Leaving a loved one can be very difficult. It is not easy to deal with changes, especially when they involve the removal of a loved one or one for whom you have a lot of affection. However, once you become aware that you have to let go of an unhealthy relationship, you can start working towards a new beginning and possibly a new version of yourself.
Steps
Method 1 of 2: Examine Yourself
Step 1. Face reality
Unfortunately, most of the time, people know they have to do it, but are unable to for fear of the consequences. Coming to terms with reality will help you understand that the time has come to leave a compromised relationship.
- To face reality, try to imagine being another person and observing your situation from the outside. How would you judge this situation? Is the answer obvious? If this is the case, you already know how to behave.

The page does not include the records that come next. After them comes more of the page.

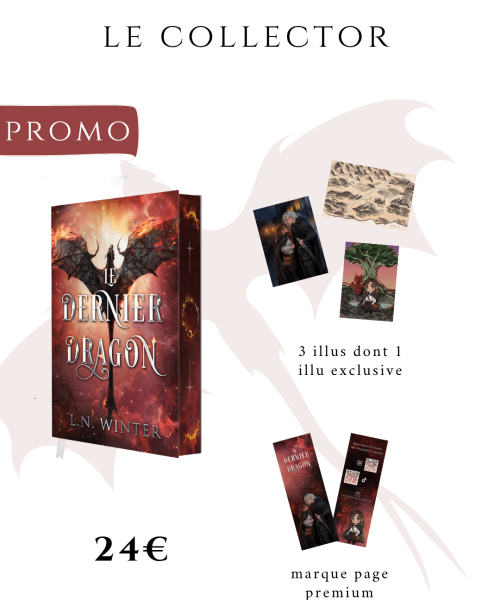 Le dernier dragon occasion romantasy one shot
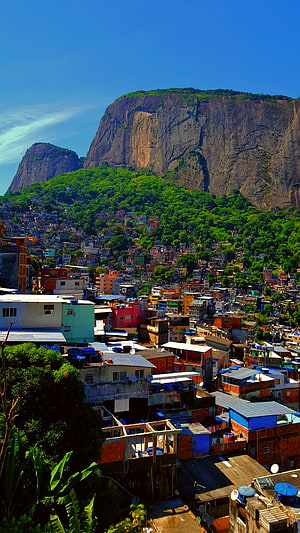 Vibrant Favela Houses Cascading Down a Lush Green Hillside in Rio de Janeiro HD phone wallpaper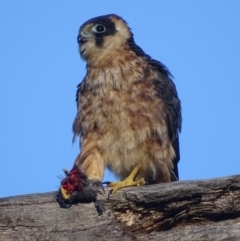 Falco longipennis (Australian Hobby) at Red Hill, ACT - 27 Mar 2019 by roymcd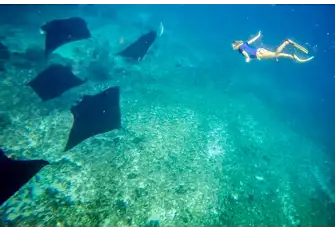 Snorkelling with Manta (photo by Jarrett Laabs)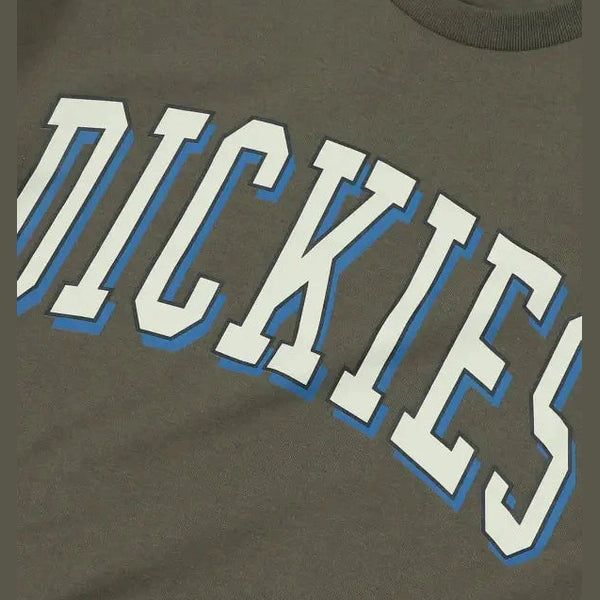 Dickies longview classic fit tee v - rinsed moss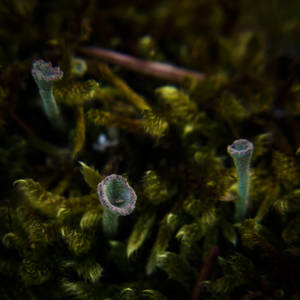 Unknown World by Mocris Unknown World by Mocris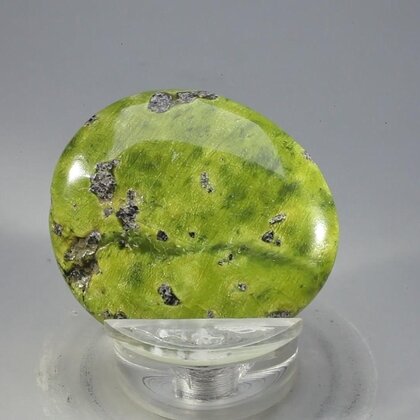 Atlantisite Flat Tumblestone ~38mm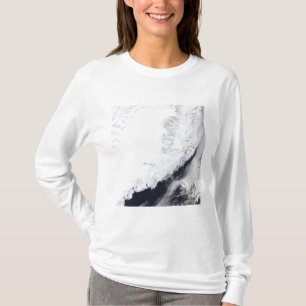 Camiseta Diversos tipos de hielo marino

- If you find it difficult to detach yourself from the situation and observe it with the eyes of an outside person, try giving the characters involved in the story different names. Change your name to someone else's. Modify some distinctive traits to get as far away as possible from the image of yourself. The goal is to create an imaginary distance between you and this new character who represents you. Do the same with the person you're trying to distance yourself from.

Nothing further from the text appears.